A pressão era insustentável, o país estava literalmente insustentável, e Honecker, contrariado nas filosofias que adotara, se demitiu do cargo em outubro de 1989. Largou a responsabilidade de uma solução para o fim da pressão nas mãos do sucessor, Egon Krenz, mas logo ele se viu perdido diante da convulsão que tomou conta das ruas e do Politiburo alemão-oriental. Sem saída, Krenz não viu outro caminho, “vamos abrir o muro” era como se ele havia dito. Não disse quando, mas foi o suficiente para uma cidade inteira tomar a ruas de assalto em direção a fronteira.

Era a receita para um verdadeiro banho de sangue. Sem aviso e sem informação de quando e como seria a abertura do muro, o exercito alemão-oriental não sabia exatamente o que fazer. Mas a orientação que ficou diante do desencontro de informações era uma: “um carimbo simples antes que cruzem a fronteira”, instrução que, depois de milhares e milhares de pessoas atravessando o muro, foi descartada. Simbolicamente, e na maior festa possível entre berlinenses dos dois lados, caia o muro da vergonha, a “Bastilha” alemã que por 28 anos dividiu o mundo.

A Alemanha cosmopolita e forte economincamente comemora com balões os 25 anos da queda do muro (Viagem em Pauta)

O gesto, lembrado neste ano num misto de alegria, saudosismo e novas esperanças, foi o estopim para o processo caro, porém esperado há anos, de reunificação da Alemanha, hoje uma potencia econômica e uma das vozes maiores das decisões europeias e mundiais. Isto, sem contar que a queda do muro também representou também o fim sem volta do comunismo em todo o leste europeu.
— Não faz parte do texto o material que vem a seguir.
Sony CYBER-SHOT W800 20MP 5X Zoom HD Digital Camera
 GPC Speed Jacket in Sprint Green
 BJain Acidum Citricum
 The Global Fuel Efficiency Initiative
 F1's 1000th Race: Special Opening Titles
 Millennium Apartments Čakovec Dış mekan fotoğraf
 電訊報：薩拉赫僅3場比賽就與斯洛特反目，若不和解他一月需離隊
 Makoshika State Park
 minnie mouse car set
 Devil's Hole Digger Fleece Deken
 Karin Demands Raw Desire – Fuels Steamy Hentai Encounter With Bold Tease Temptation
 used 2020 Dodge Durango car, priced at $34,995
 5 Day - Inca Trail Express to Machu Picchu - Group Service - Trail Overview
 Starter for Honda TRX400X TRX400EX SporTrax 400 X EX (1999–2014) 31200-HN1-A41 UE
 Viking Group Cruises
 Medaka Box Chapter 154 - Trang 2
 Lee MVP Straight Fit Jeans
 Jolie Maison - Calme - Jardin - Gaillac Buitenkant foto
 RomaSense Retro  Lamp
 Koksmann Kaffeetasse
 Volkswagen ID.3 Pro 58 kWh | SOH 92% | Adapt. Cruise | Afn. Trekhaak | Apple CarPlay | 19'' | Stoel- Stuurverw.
Marcas de um simples gesto que, passados 25 anos, ainda tem um significado mais do que importante, não apenas para o estado atual do mapa e das relações entre países no mundo, mas também como símbolo da união entre iguais numa nação forjada em guerras, períodos negros e trabalho.

Regan pediu, Gorbi nem precisou atender, o muro caiu e a Alemanha é uma só.